Source material.
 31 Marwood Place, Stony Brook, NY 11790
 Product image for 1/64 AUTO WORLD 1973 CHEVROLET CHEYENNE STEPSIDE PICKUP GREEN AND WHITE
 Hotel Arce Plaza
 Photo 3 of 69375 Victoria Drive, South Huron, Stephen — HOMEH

---

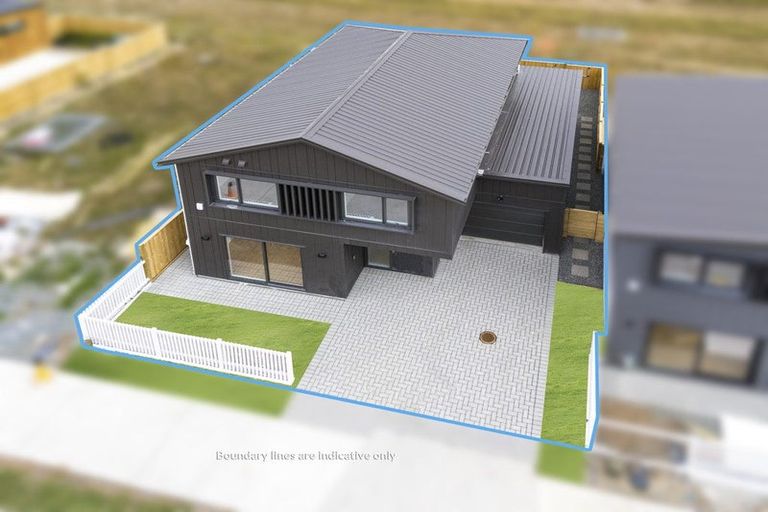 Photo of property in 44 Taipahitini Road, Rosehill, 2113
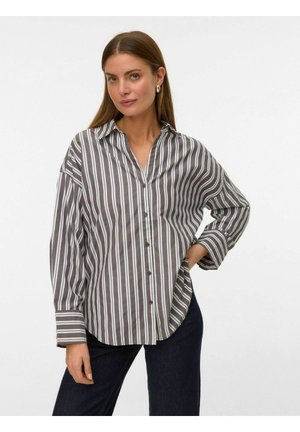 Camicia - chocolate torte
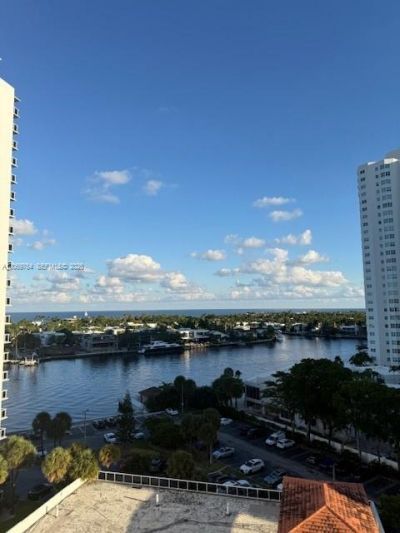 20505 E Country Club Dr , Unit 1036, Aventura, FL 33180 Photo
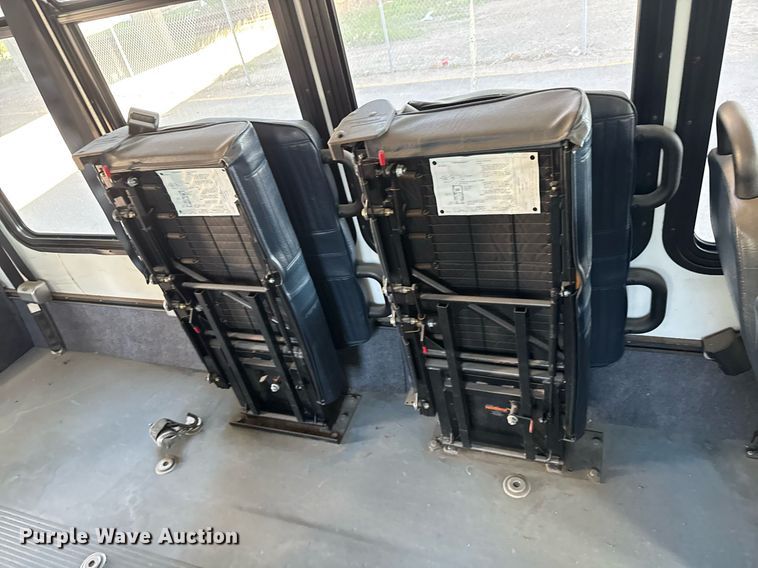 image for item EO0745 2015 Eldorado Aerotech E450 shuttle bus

Your objective.
Repeat, without pictures, exactly the lines of the data above from the one containing "20505 E Country" through the one containing "image for item", including both and adding nothing.

Exercise solution.
 20505 E Country Club Dr , Unit 1036, Aventura, FL 33180 Photo
 image for item EO0745 2015 Eldorado Aerotech E450 shuttle bus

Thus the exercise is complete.